Quels sont les besoins quotidiens réels ?
Selon les références nutritionnelles publiées par l’Anses, l’apport de référence pour un adulte se situe autour de 950 mg de calcium par jour, et grimpe à environ 1 200 mg pour les femmes de plus de 55 ans et les hommes de plus de 65 ans, périodes où la perte osseuse s’accélère. Les besoins sont également plus élevés chez les adolescents, en pleine phase de minéralisation du squelette.
- Adultes : environ 950 mg/jour
- Femmes de plus de 55 ans et hommes de plus de 65 ans : environ 1 200 mg/jour
- Adolescents en croissance : besoins accrus, période clé pour le capital osseux
Les meilleures sources alimentaires de calcium
Les produits laitiers restent une source de référence, en raison de leur teneur élevée et de la bonne biodisponibilité de leur calcium. Mais ils ne sont pas les seuls : plusieurs alternatives permettent de couvrir ses besoins, y compris sans produits laitiers.
- Produits laitiers (lait, yaourts, fromages) : source la plus concentrée et la mieux assimilée
- Légumes verts pauvres en oxalates (chou frisé, brocoli) : bonne biodisponibilité, contrairement aux épinards riches en oxalates qui freinent l’absorption
- Eaux minérales riches en calcium : une alternative simple à intégrer à la boisson quotidienne
- Sardines avec arêtes, amandes : sources complémentaires intéressantes
- Légumineuses (lentilles, pois chiches) : le Haut Conseil de la santé publique les reconnaît comme alternative légitime aux produits laitiers, notamment pour les enfants qui n’en consomment pas
Combien de produits laitiers par jour ?
Le repère du programme Manger Bouger recommande une consommation de produits laitiers « suffisante mais limitée » : environ 2 produits laitiers par jour pour un adulte, contre 3 pendant l’enfance et l’adolescence, période de construction du squelette.

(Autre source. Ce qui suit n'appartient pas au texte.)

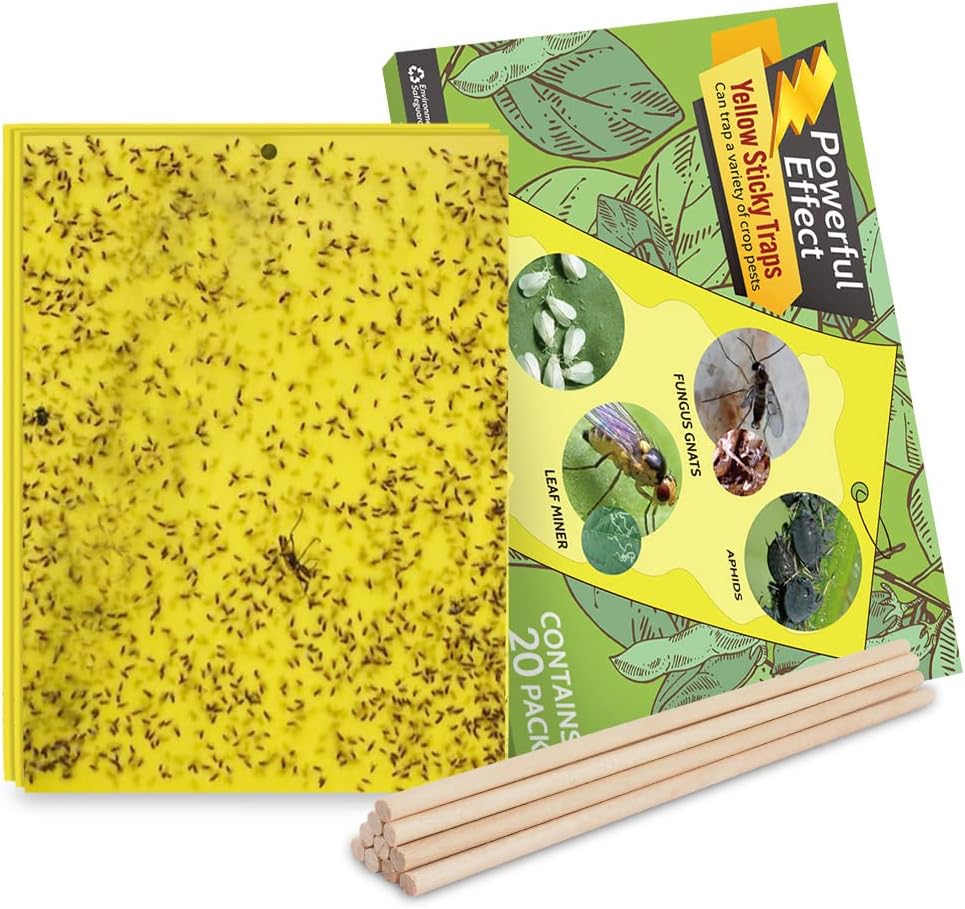 Kensizer 10-Pack Fruit Fly Trap, Yellow Sticky Gnat Trap Killer for Indoor/Outdoor Flying Plant Insect Like Fungus Gnat, Whiteflies, Aphids, Leaf Miners - 6x8 in, Twist Ties Included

Cette approche équilibrée évite à la fois les carences et les excès, dans une alimentation diversifiée plutôt que centrée sur un seul groupe d’aliments.
Calcium et vitamine D : un duo indissociable
Le calcium ne peut être correctement absorbé sans un statut satisfaisant en vitamine D, qui facilite son passage dans le sang puis sa fixation sur l’os. Une exposition raisonnable au soleil et une alimentation variée contribuent à ce statut ; en cas de doute, seul un professionnel de santé peut évaluer s’il existe un besoin de supplémentation adapté à la situation individuelle.
Idées reçues à corriger
- « Le calcium en comprimé vaut le calcium alimentaire » : faux dans l’absolu — les sources alimentaires (produits laitiers, eaux calciques, légumes verts) restent à privilégier, la supplémentation ne se justifiant que sur avis médical
- « Plus on en prend, mieux c’est » : les apports doivent rester dans les référence recommandées, un excès n’apportant pas de bénéfice supplémentaire démontré
- « Sans lait, impossible d’avoir assez de calcium » : une alimentation végétale bien construite, avec légumineuses et eaux minéralisées, peut couvrir une bonne partie des besoins
Questions fréquentes
Faut-il prendre des compléments de calcium ?
Pas systématiquement. Les sources alimentaires sont à privilégier en premier lieu. Une supplémentation ne devrait être envisagée que sur les conseils d’un médecin ou d’un pharmacien, notamment en cas de risque identifié de fragilité osseuse, car un excès de calcium n’est pas anodin.
Quels aliments non laitiers apportent du calcium ?
Les légumes verts pauvres en oxalates, les eaux minérales riches en calcium, les légumineuses, les amandes et les poissons consommés avec leurs arêtes (sardines, par exemple) constituent des alternatives reconnues par les autorités sanitaires françaises.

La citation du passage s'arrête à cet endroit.